XUnit-style testing frameworks provide many benefits for students. They make it easier to write and execute operational tests on individual classes and methods. Once written, XUnit-style tests are completely automated. As a result, they completely automate regression testing, so that students can re-run all their tests each time they add some new code or modify a feature. When students are encouraged to write their tests as they go--"write a little test, write a little code"--tests give students greater confidence that the code they have written so far works as intended.
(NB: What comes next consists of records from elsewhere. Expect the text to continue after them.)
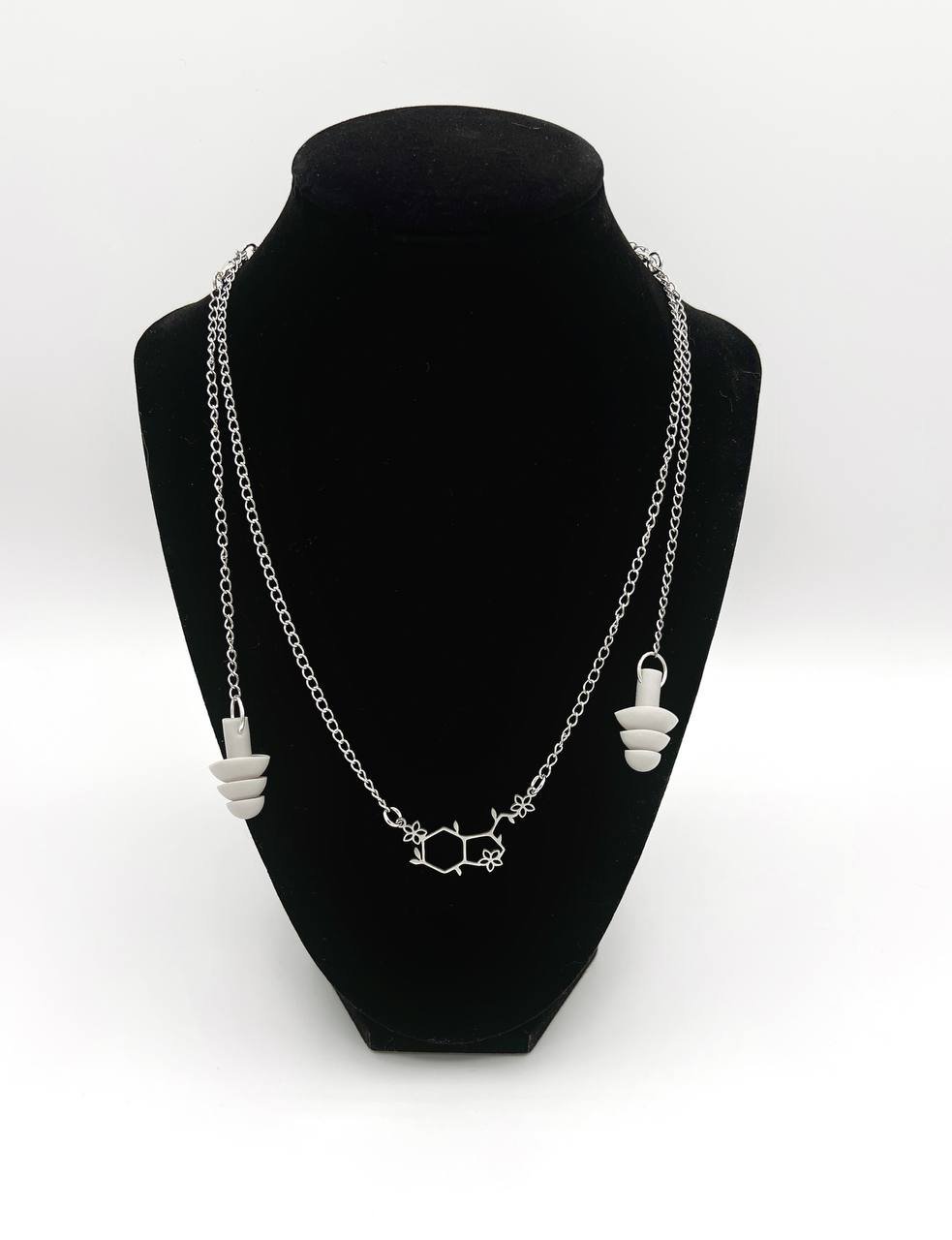 Collier avec bouchon d'oreille et molécule de sérétonine botanique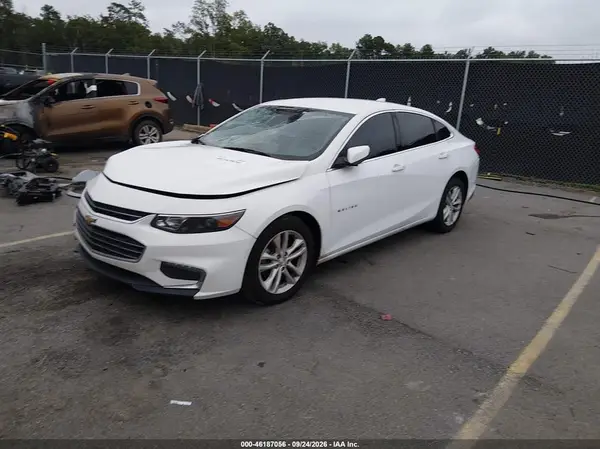1G1ZD5ST8JF243403 — 2018 Chevrolet Malibu, фото 2 с аукциона IAAI 14.10.2026, Передняя часть справа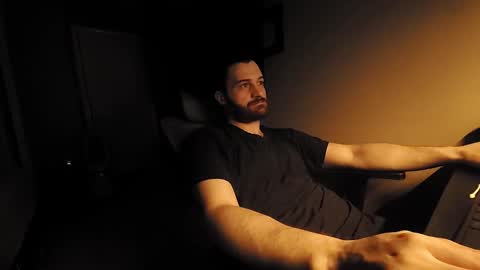 Snapshot of hardswtch chatting on September 2025 12:33:02 AM Tom online show from September 2025 12:33:02 AM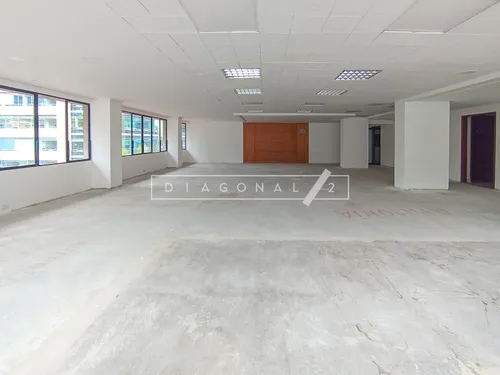 Oficina En Arriendo En Chicó Norte Ii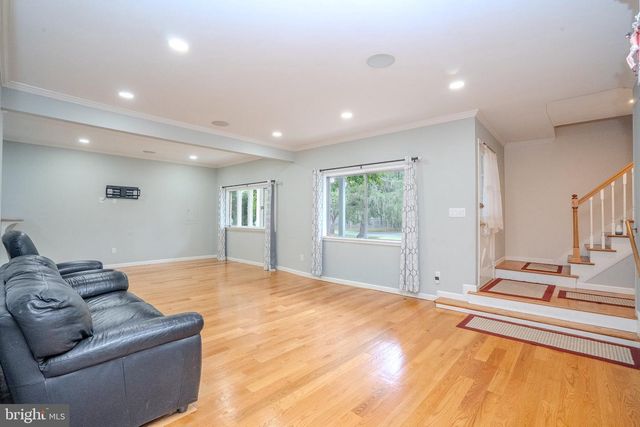 11 HOLLAND LN, East Windsor Twp, NJ 08512
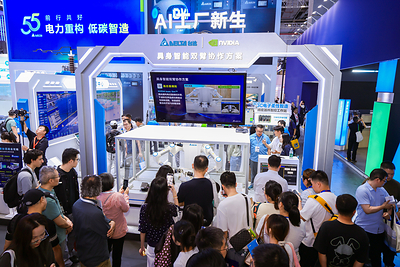 台达首次亮相的具身智能双臂协作方案,通过肖像绘制,展示任务学习到作业执行全流程自主运行。 台达首次亮相的具身智能双臂协作方案,通过肖像绘制,展示任务学习到作业执行全流程自主运行。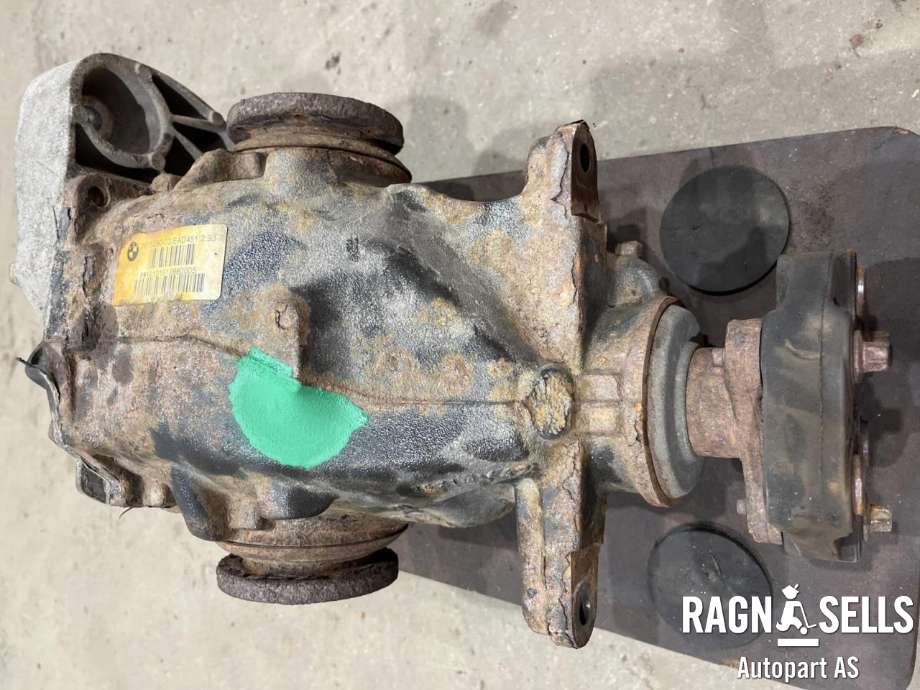 Kardang klokke bak til BMW X1 2009-2015 (E84) (E84) (33 10 7 615 390|)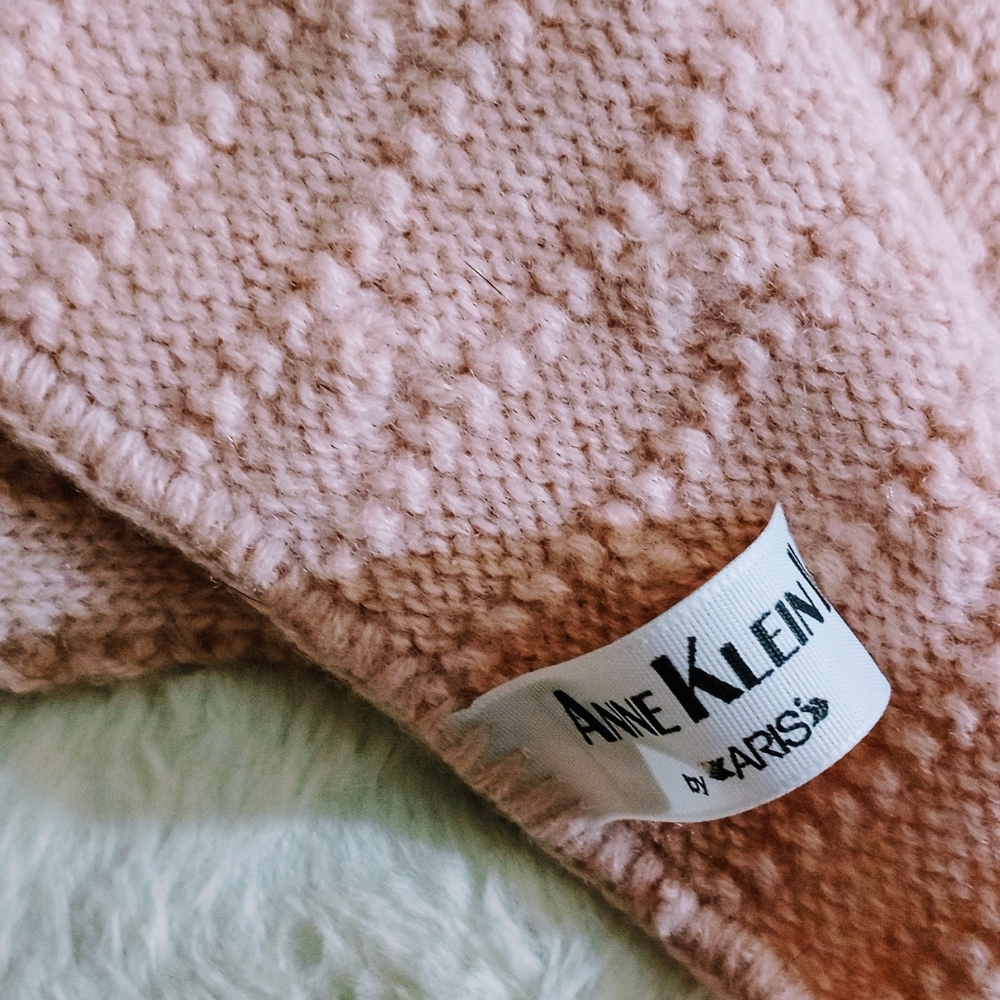 Anne Klein Soft Pink Textured Cable knit Scarf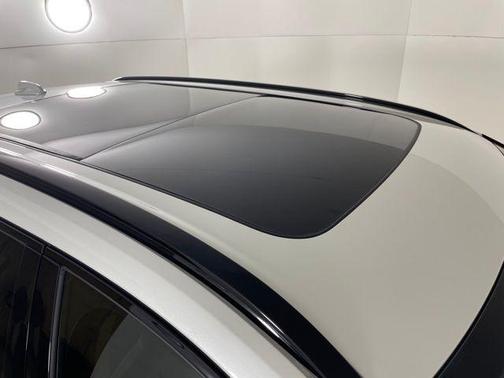 2024 Volvo XC60 Recharge Plug-In Hybrid T8 Plus Dark Theme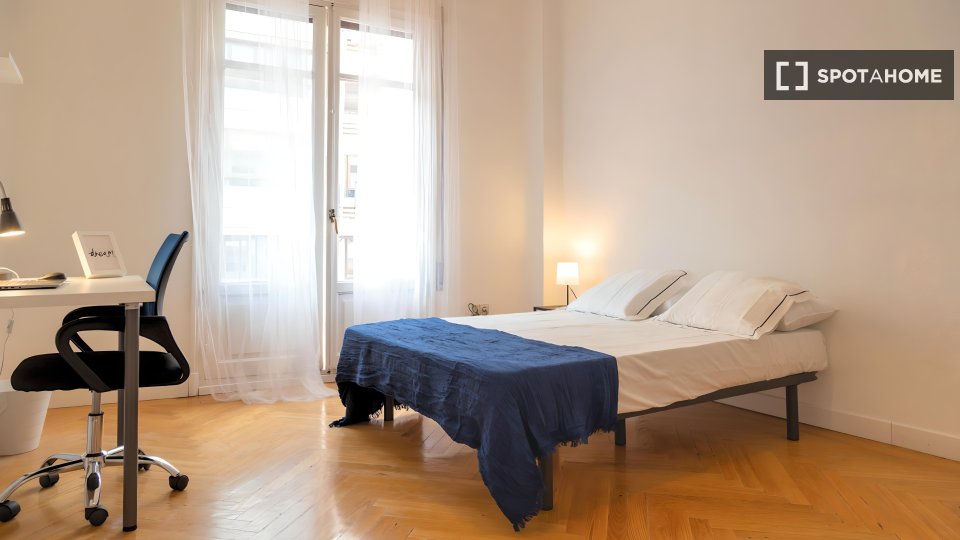 Double room Madrid, 7 beds — photo 17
It also gives students a better feel for how much they have completed vs. how much remains to be done, and gives students greater confidence when they repair or modify code that is already working. Finally, when students write tests this way, it siginificantly reduces or prevents big bang integration problems, since each method has been tested in isolation before classes are assembled into larger structures. In perception surveys, students report that they see these benefits themselves, and prefer to use such techniques even when they are not required in class (once they have been exposed, that is) [Edwards03b].
CxxTest provides a useful vehicle for obtaining these benefits in class when students are programming in C++. The same tools can also be used on Resolve/C++ code with no real modification needed. Further, tool support--like Eclipse's CDT and Virginia Tech's CxxTest support for students--can also be used on Resolve/C++ programs with no modification. While this leaves some cosmetic issues unaddressed, it points in a promising direction away from simple text-based test driver programs as a way to teach students about software testing, as well as introducing software testing practices into more and more Resolve/C++ class activities.